_PROBLEM STATEMENT:_
Restate each of the lines given below, word for word.

[EXTRACTED ENTRIES]

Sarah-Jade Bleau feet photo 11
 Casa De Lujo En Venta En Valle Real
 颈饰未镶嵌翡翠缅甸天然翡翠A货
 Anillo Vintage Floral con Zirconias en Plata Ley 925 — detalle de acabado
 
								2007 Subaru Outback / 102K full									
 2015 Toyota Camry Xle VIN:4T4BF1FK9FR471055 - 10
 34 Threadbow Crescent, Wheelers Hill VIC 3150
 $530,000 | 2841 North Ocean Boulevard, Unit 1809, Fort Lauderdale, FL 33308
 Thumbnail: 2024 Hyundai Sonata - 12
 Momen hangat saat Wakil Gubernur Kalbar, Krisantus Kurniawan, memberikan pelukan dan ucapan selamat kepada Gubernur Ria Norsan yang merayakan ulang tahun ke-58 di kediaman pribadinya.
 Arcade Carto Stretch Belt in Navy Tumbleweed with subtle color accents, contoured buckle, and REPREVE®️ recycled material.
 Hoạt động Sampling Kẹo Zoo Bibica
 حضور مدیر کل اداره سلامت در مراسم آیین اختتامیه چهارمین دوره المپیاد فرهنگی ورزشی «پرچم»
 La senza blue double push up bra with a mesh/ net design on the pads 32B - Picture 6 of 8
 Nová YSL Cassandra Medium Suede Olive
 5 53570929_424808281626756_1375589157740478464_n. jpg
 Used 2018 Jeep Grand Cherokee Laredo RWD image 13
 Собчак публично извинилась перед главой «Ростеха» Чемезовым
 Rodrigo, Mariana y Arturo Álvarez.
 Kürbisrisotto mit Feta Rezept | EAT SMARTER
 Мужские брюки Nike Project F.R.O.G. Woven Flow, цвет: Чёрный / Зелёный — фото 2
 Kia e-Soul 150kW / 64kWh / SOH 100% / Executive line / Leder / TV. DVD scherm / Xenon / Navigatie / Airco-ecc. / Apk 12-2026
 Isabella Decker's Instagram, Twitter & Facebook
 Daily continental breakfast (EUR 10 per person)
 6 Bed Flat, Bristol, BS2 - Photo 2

[/EXTRACTED ENTRIES]

_FINISHED TASK:_
Sarah-Jade Bleau feet photo 11
 Casa De Lujo En Venta En Valle Real
 颈饰未镶嵌翡翠缅甸天然翡翠A货
 Anillo Vintage Floral con Zirconias en Plata Ley 925 — detalle de acabado
 
								2007 Subaru Outback / 102K full									
 2015 Toyota Camry Xle VIN:4T4BF1FK9FR471055 - 10
 34 Threadbow Crescent, Wheelers Hill VIC 3150
 $530,000 | 2841 North Ocean Boulevard, Unit 1809, Fort Lauderdale, FL 33308
 Thumbnail: 2024 Hyundai Sonata - 12
 Momen hangat saat Wakil Gubernur Kalbar, Krisantus Kurniawan, memberikan pelukan dan ucapan selamat kepada Gubernur Ria Norsan yang merayakan ulang tahun ke-58 di kediaman pribadinya.
 Arcade Carto Stretch Belt in Navy Tumbleweed with subtle color accents, contoured buckle, and REPREVE®️ recycled material.
 Hoạt động Sampling Kẹo Zoo Bibica
 حضور مدیر کل اداره سلامت در مراسم آیین اختتامیه چهارمین دوره المپیاد فرهنگی ورزشی «پرچم»
 La senza blue double push up bra with a mesh/ net design on the pads 32B - Picture 6 of 8
 Nová YSL Cassandra Medium Suede Olive
 5 53570929_424808281626756_1375589157740478464_n. jpg
 Used 2018 Jeep Grand Cherokee Laredo RWD image 13
 Собчак публично извинилась перед главой «Ростеха» Чемезовым
 Rodrigo, Mariana y Arturo Álvarez.
 Kürbisrisotto mit Feta Rezept | EAT SMARTER
 Мужские брюки Nike Project F.R.O.G. Woven Flow, цвет: Чёрный / Зелёный — фото 2
 Kia e-Soul 150kW / 64kWh / SOH 100% / Executive line / Leder / TV. DVD scherm / Xenon / Navigatie / Airco-ecc. / Apk 12-2026
 Isabella Decker's Instagram, Twitter & Facebook
 Daily continental breakfast (EUR 10 per person)
 6 Bed Flat, Bristol, BS2 - Photo 2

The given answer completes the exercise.